One of the bright spots in our fumbling, bumbling economy is the progress of urban and suburban farming, especially in connection with farmers’ markets. But there is another aspect of this coming together of city and country that needs more innovative thinking. I was traveling through Shaker Heights and Cleveland Heights in Cleveland, Ohio, recently and was struck by how much of this beautiful, old, well-heeled residential area is really old growth forest with houses in it. And I mean real, old growth forest—lots of huge trees towering over the castle-like residences so densely that the houses are almost hidden from view.

My first thought was how much people love trees because there is considerable risk involved when these trees inevitably die or age enough so that storms drop them on the houses. My next thought was to try to calculate how much wood was growing here in this urban forest which will probably end up in a landfill. Oddly enough, the answer to both potential problems is the same.

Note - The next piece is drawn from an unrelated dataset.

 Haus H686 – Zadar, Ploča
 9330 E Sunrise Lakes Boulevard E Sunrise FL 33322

Let us take, just for discussion purposes, five square miles of this kind of urban forest. A mile square is 640 acres, so five miles square would be 3200 acres. An acre of established woodland can produce a cord of wood a year without diminishing itself, so the experts agree. With good forestry practices it can do better than that, but let’s go with that figure. Let’s assume that every acre in this old growth urban forest would produce half a cord a year because the houses and lawns take up some of the room. So this tract in Cleveland could be producing 1600 cords of wood a year. At let’s say $200 a cord (more than that as a replacement for heating oil right now), that’s $320,000 a year.

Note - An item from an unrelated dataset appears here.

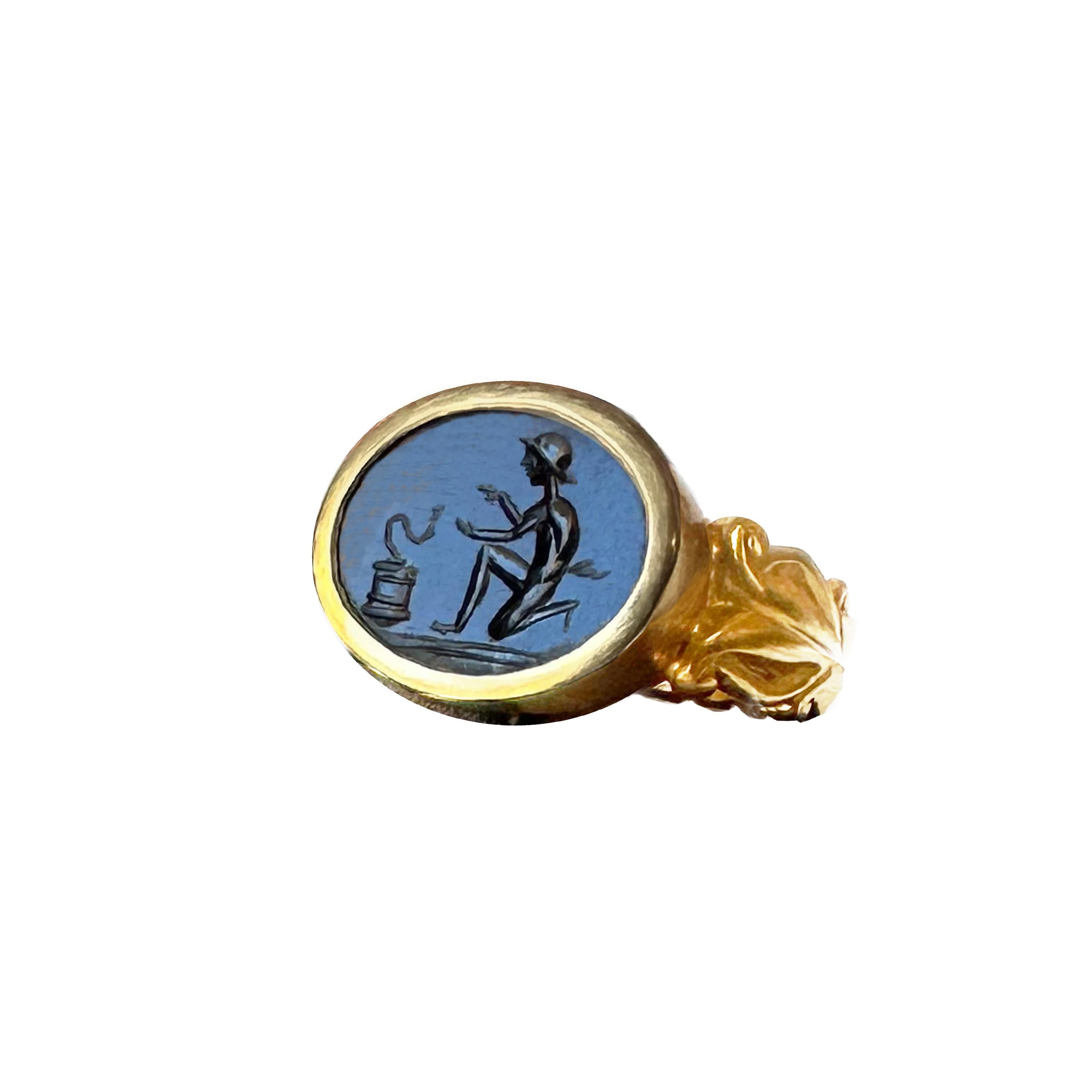 An authentic Roman intaglio on onyx has been set in this 18 Kt gold ring, which depicts a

Now try to imagine how many wooded urban acres there are in this country. We’re talking millions and millions and millions of dollars in wood mostly going to waste due to a lack of planning and management. The main problem is that we don’t think in tree time.  Humans are lucky to live 80 to 90 years. The life cycle of trees is twice that at least, but it is, nevertheless a cycle. We tend to think of our beloved trees as monuments but they are living things. We should be planting them and harvesting them on a schedule of about eighty to a hundred years to take advantage of their value as lumber or fuel while avoiding most of the possibility of storm damage. The issue is increasingly pertinent, especially now that power companies are again thinking seriously of using wood for some of its electrical generation.

The first management plan should involve the choice of trees used for urban forests. Maples and oaks, for example, are just as pretty as smaller ornamental trees but contain more BTUs for fuel and better wood for lumber. But even small trees can make good firewood, and some of them, dogwood for example, are high in BTUs or for specific wooden products. Persimmon wood used to be used for sidewalk and road pavers almost as durable as brick. It also makes beautiful golf drivers.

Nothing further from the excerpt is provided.